Cheung ve McBride (2016), eğitimsiz ebeveynlerle oynayan çocuklarla çocukların oyun hakkında düşünmelerine yardımcı olmak için stratejiler kullanmak üzere eğitilmiş ebeveynlerle bir sayı tahtası oyunu oynayan çocukları karşılaştırmıştır (sayı büyüklüğünü değerlendirmek, kareleri saymak, sonuçları tahmin etmek vb.). Bir alıştırma kitabından matematik problemleri yapan çocuklar. Eğitimli ebeveynlerle oynayan çocuklar, dört sayıdaki sonuç ölçütlerinde de iyileşme göstermiştir. Eğitilmemiş ebeveynleri olan çocuklar, sayısal tanımlama ve matematiğe ilgi gösterme konusunda gelişmiştir. Ek olarak alıştırma kitabı olan çocukların gelişimsel problemleri düzelmiştir. Bu sonuçlar, bilgili bir yetişkinle eğlenceli bir etkileşimin, öğrenme kitabı için alıştırma kitabındaki problemlerin tamamlanması gibi geleneksel öğretim yaklaşımlarından daha etkili bir bağlam olabileceğini göstermektedir.
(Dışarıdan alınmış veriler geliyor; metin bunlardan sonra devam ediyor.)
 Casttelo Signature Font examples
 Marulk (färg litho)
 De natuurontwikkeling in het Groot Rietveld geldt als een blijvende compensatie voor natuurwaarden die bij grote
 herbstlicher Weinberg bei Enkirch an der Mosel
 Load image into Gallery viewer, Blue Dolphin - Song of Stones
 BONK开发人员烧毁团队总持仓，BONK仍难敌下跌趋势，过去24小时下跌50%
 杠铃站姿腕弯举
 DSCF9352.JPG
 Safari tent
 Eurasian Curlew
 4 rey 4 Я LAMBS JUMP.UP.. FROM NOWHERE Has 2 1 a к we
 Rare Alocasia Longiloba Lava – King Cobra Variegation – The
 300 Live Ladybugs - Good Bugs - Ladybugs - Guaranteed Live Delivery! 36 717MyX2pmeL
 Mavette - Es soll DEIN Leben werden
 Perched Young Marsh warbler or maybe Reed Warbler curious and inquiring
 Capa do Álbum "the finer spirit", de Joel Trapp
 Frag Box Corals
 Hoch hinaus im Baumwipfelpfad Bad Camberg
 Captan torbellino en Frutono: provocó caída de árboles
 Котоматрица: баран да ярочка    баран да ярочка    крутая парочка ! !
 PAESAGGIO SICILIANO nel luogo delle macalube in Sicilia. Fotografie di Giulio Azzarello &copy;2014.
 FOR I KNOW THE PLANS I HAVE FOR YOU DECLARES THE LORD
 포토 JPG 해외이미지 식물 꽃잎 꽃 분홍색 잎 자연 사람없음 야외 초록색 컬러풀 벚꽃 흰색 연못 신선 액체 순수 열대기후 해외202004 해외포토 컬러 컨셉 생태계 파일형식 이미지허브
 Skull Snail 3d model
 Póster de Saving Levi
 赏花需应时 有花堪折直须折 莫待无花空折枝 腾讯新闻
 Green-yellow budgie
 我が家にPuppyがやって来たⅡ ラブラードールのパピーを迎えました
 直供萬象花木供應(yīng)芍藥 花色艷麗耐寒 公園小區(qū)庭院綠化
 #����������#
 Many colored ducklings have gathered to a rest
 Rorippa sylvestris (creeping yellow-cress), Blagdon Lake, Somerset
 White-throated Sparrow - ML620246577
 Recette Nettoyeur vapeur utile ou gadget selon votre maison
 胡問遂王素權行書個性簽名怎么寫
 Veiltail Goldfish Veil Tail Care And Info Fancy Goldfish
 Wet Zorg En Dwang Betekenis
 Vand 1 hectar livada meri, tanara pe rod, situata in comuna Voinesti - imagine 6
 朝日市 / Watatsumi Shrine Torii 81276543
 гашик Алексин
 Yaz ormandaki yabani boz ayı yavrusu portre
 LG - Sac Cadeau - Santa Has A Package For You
Aileler Legoları, her yaş ve cinsiyete uygun bir klasik oyun olarak görmektedir. Ayrıca, Legoların çocukların hayal gücü ve yaratıcılıklarını desteklediklerini düşünmektedir. Onlara göre bir oyuncağı harika yapan şeyler, sağlam ve özgün, birkaç yıl boyunca dikkat çekebilecek potansiyelde olması ve yaratıcılık ve gelişimi desteklemesidir (McNeill, 2015). Clements (2004), açık hava oyun durumları üzerine yaptığı araştırmada anneler ve çocuklarının açık havada geçirdikleri zaman sıklığını

karşılaştırmıştır. Bulgularına göre, anneler kendi çocukluklarında açık havada geçirdikleri oyun süreleri, çocuklarının şu anda açık havada geçirdikleri oyun sürelerinden çok daha fazla olduğu tespit edilmiştir.

Açık havada oyun süresi, yaratıcı oyunların görülme sıklığını arttırmaktadır (Cullen, 2006) Yani, çocuklar açık havada ne kadar çok vakit geçirirse, oyunlarında yaratıcılıkları o derecede artmaktadır. Çocuğun evde ve okulda sağlıklı bir şekilde gelişmesi için açık hava oyunları gereklidir (Rivkin, 1998).